Well, this is exactly the type of foe the Doctor faces in the last of Doctor Who‘s most recent specials, entitled “The Giggle.” The Celestial Toymaker is not a being that can be so easily comprehended. Capable of controlling time, space, and matter with the same ease in which the Doctor traverses the universe in his TARDIS, it’s no mystery why even the Doctor fears this otherworldly entity. Many have even wondered whether the old foe was a Time Lord himself or one of the Great Old Ones, which further raises many other questions. For example, has the Doctor ever encountered Cthulhu, and have the two ever engaged in a battle of alien wits?

The answer is, sadly, no. The Doctor and Cthulhu haven’t exchanged blows in the Doctor Who series, intellectual or otherwise. However, that doesn’t mean that the opportunity won’t present itself in the future. The truth is that “The Giggle” brought us more than just a two-Doctors-for-one-villain treat, and there’s plenty to unpack. Besides introducing the newer audiences to one of Doctor’s oldest villains, “The Giggle” also introduced the concept of bi-generation — which is worth its own discussion — and finally brought Ncuti Gatwa‘s Fifteenth Doctor to the show’s forefront.
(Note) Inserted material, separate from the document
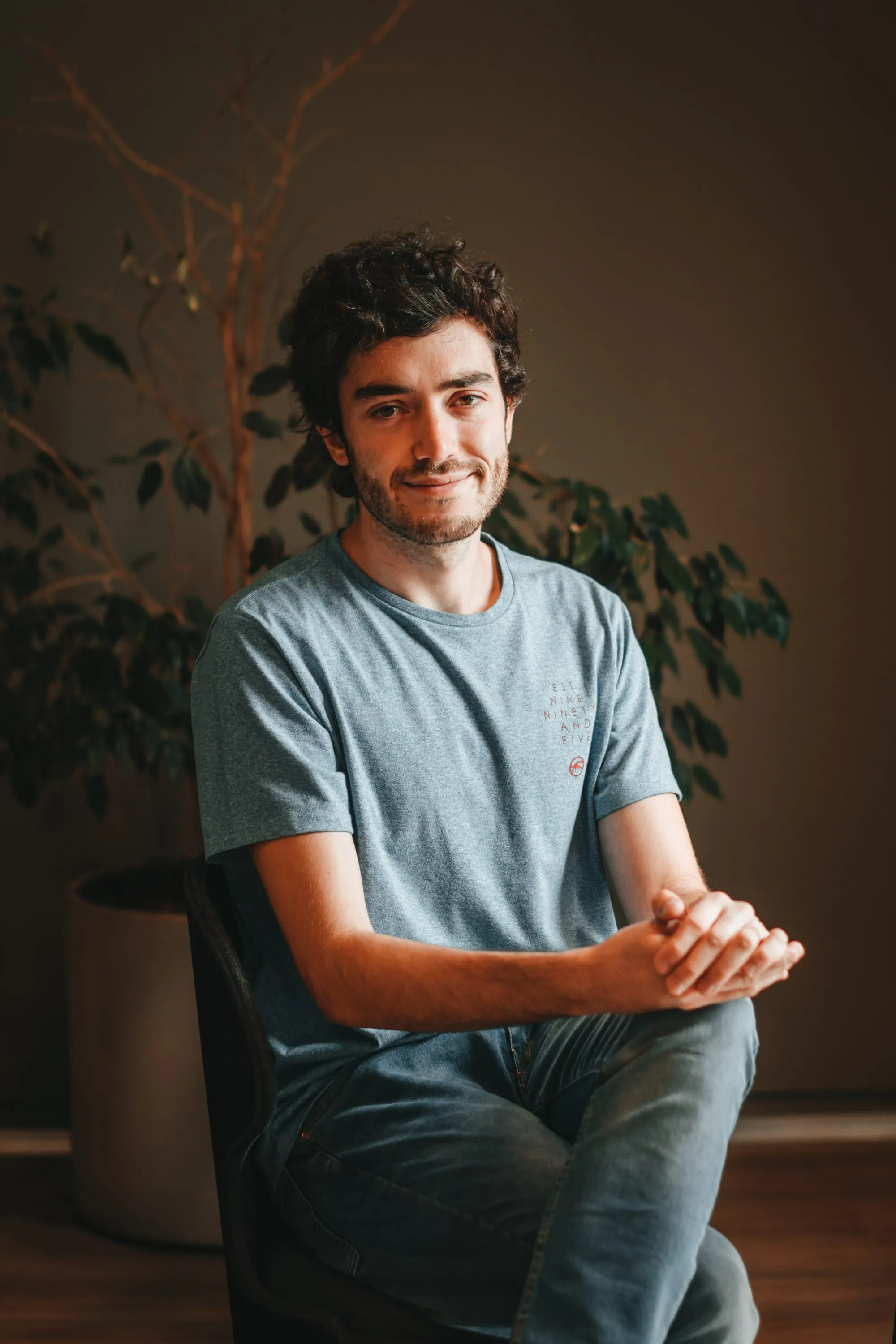 Portrait of Marcos Bruno seated, in a warm setting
However, for long-time fans of the show, the implications of the existence of a force like the Celestial Toymaker definitely garnered more attention. Halfway through “The Giggle”s runtime, Neil Patrick Harris as the Toymaker takes center stage with Dona Noble and the Doctor as his captured and very captive audience. As he describes to Donna everything horrible that has happened to certain companions in the past, the Doctor decides to challenge the Toymaker to a game, which the latter gleefully accepts. While setting up the game and ominously shuffling a stack of cards, the Toymaker gives a speech in which he reveals whence he came from and why.
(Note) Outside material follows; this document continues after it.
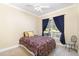 Comfortable bedroom with plush carpeting, a ceiling fan, and a large window providing natural light at 2913 Escondido Farm Rd, Garner, NC 27529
The buildup to this particular scene paints the Celestial Toymaker as an entity that’s capable of manipulating time, space, and matter, much like the Doctor — to a lesser and more TARDIS-aided degree. However, unlike the Doctor, who relies on his intellect and technology, the Toymaker is capable of manipulating atoms with the power of thought alone. He is clearly a very powerful entity. According to Doctor Who lore, the Toymaker is one of the Great Old Ones — unimaginably ancient creatures of immense power, generally seen as harbingers of evil and destruction.   

The Toymaker’s speech in “The Giggle” somewhat confirms this as he states that he came from outside of this universe to play cosmic games with powerful entities. He toyed with supernovas and turned galaxies into spinning tops. He gambled with God and made him a jack-in-the-box, and when the Master lost his game against the Toymaker (sometimes in the past), the Great Old One sealed him for all eternity inside his gold tooth. He is obviously an entity where the laws of psychics don’t matter and even stranger geometries apply (shout out H.P. Lovecraft!).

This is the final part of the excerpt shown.